Work item: When you reach the line with "family, leisure and" in the records below, begin transcribing exactly and continue up to and including the line with "Fototapeta na wymiar Eggs in wire basket", leaving out every picture.

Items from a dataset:

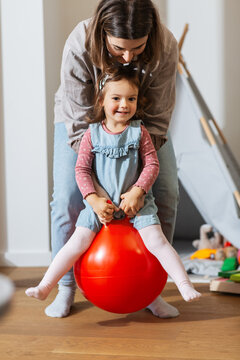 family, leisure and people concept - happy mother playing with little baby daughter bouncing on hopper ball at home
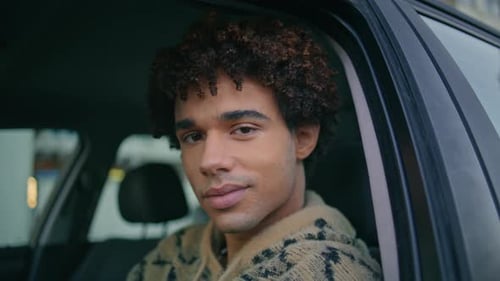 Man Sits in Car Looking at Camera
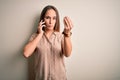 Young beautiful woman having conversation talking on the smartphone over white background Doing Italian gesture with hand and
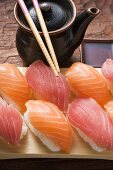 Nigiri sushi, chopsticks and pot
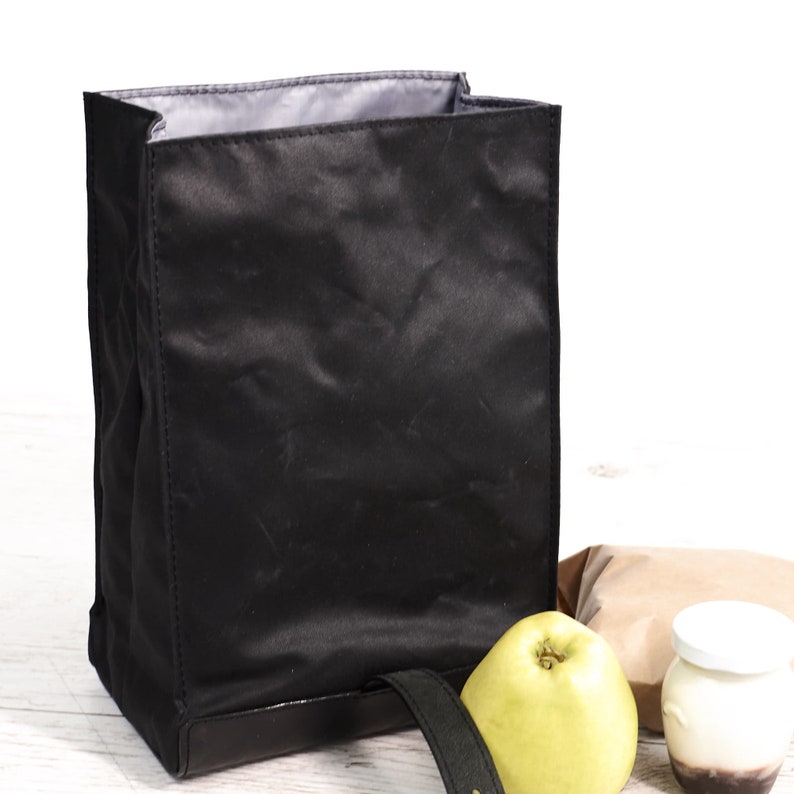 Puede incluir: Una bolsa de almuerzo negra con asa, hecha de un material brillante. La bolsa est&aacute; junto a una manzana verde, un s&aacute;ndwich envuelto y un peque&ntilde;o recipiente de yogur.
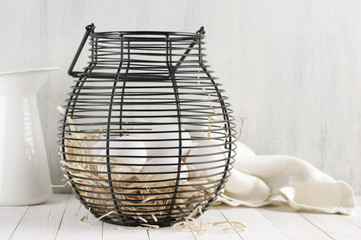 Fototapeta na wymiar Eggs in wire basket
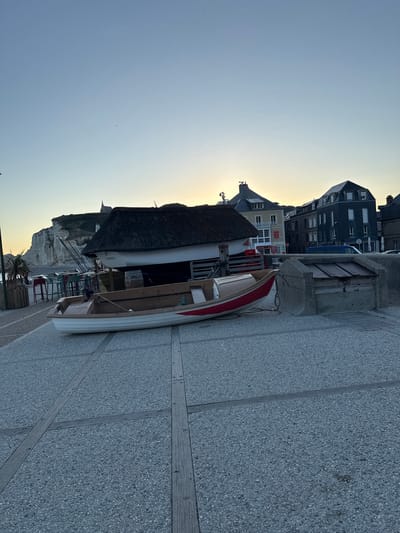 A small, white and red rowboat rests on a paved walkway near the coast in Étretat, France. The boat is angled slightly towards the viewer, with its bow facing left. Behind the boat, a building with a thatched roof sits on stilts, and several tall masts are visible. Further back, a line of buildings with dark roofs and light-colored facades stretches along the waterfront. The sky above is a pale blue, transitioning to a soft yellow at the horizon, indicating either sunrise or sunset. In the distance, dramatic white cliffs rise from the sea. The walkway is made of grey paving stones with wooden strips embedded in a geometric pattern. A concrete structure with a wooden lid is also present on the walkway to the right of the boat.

---

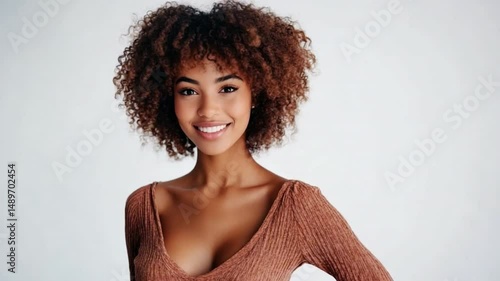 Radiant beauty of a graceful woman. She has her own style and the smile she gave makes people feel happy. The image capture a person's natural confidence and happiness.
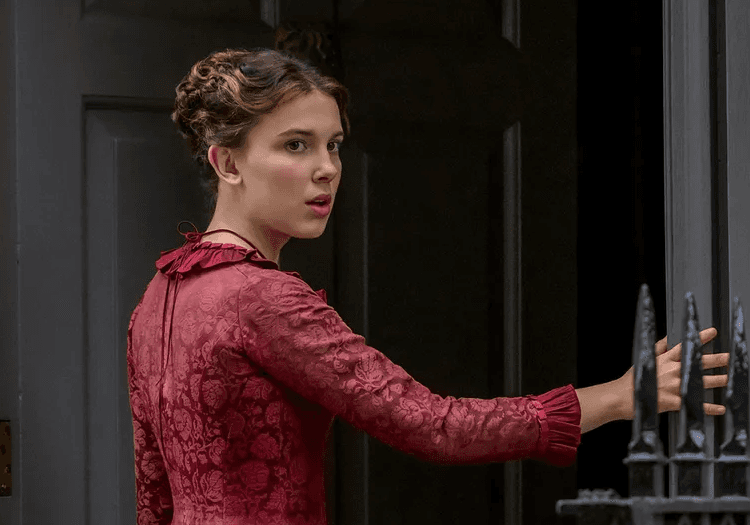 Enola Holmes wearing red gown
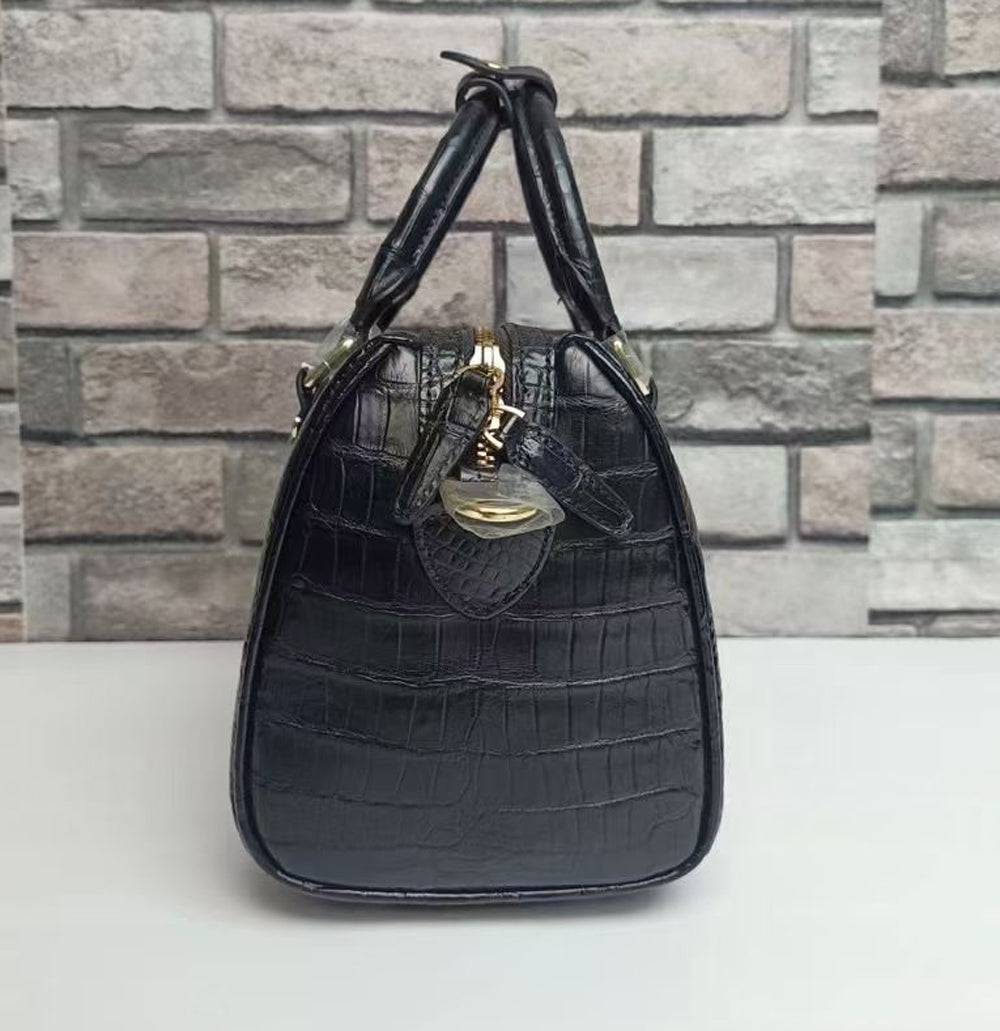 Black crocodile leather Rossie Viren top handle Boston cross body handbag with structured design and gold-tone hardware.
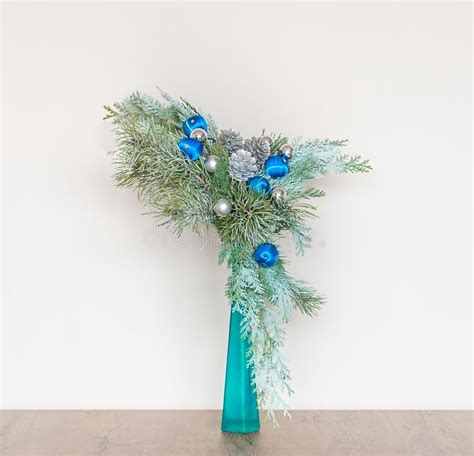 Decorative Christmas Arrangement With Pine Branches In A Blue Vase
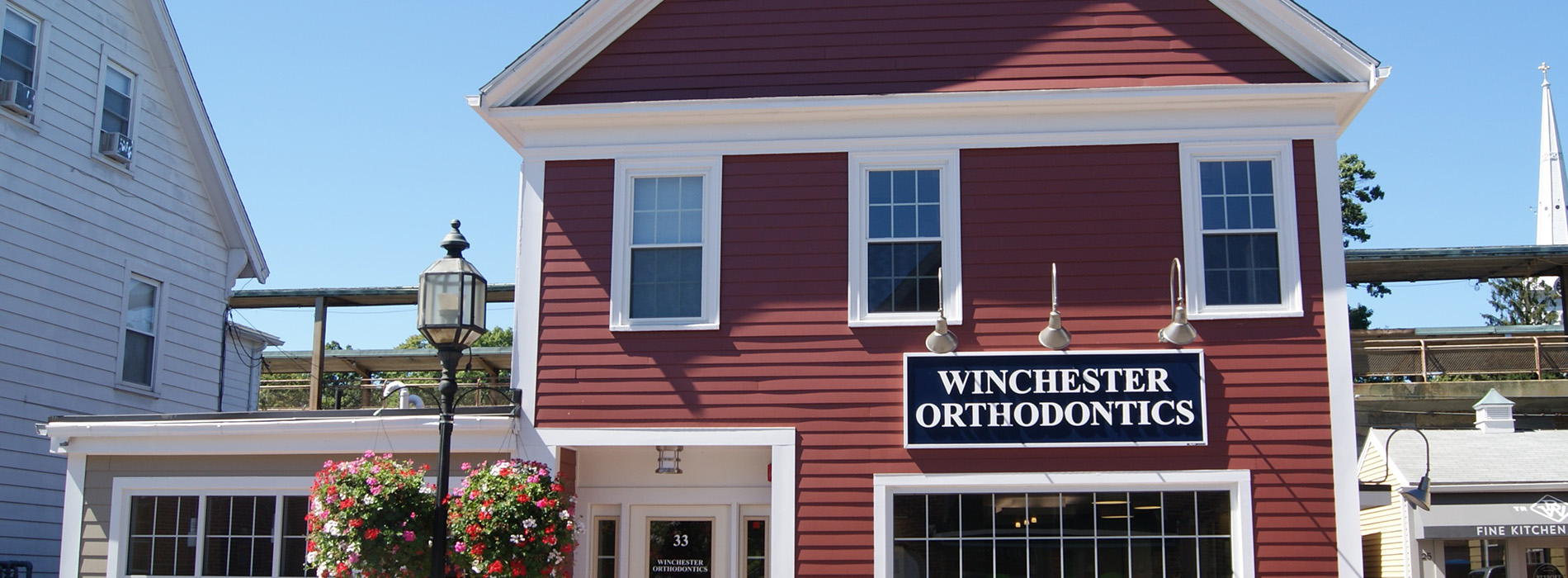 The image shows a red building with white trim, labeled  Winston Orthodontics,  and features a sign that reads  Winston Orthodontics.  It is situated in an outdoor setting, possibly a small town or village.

Output for this exercise:
 family, leisure and people concept - happy mother playing with little baby daughter bouncing on hopper ball at home
 Man Sits in Car Looking at Camera
 Young beautiful woman having conversation talking on the smartphone over white background Doing Italian gesture with hand and
 Nigiri sushi, chopsticks and pot
 Puede incluir: Una bolsa de almuerzo negra con asa, hecha de un material brillante. La bolsa est&aacute; junto a una manzana verde, un s&aacute;ndwich envuelto y un peque&ntilde;o recipiente de yogur.
 Fototapeta na wymiar Eggs in wire basket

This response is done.